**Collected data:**
[Start of section]

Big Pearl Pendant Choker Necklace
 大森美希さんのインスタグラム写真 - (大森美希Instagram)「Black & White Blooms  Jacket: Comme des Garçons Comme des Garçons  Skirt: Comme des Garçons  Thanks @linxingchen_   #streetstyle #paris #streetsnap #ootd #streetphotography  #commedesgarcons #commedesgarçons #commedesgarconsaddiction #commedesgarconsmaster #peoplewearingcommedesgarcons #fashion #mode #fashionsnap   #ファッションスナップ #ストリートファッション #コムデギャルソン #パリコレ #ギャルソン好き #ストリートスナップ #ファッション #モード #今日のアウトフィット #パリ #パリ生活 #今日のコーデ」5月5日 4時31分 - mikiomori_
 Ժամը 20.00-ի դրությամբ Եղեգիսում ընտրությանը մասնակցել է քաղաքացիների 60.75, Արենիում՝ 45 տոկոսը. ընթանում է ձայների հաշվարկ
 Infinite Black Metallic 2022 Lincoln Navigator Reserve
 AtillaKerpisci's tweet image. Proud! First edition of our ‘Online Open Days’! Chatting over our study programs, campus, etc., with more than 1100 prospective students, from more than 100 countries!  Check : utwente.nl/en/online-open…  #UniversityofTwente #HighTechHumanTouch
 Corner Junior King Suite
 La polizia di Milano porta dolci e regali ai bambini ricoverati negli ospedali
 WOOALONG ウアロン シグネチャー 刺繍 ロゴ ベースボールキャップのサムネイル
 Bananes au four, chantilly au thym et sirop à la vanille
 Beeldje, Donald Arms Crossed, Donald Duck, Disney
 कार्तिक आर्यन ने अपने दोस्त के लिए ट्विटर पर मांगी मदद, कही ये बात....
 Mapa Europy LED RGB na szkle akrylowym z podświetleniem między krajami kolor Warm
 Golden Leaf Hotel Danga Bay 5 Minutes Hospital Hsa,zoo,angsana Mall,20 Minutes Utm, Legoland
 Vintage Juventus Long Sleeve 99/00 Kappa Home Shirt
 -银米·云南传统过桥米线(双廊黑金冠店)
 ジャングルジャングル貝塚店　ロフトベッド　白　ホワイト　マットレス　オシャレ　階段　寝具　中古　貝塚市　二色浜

[End of section]

**WHAT YOU SHOULD DO:** In the records above, how many lines contain the string "Black"? Only that number should be written.

**RESPONSE BOX:** 2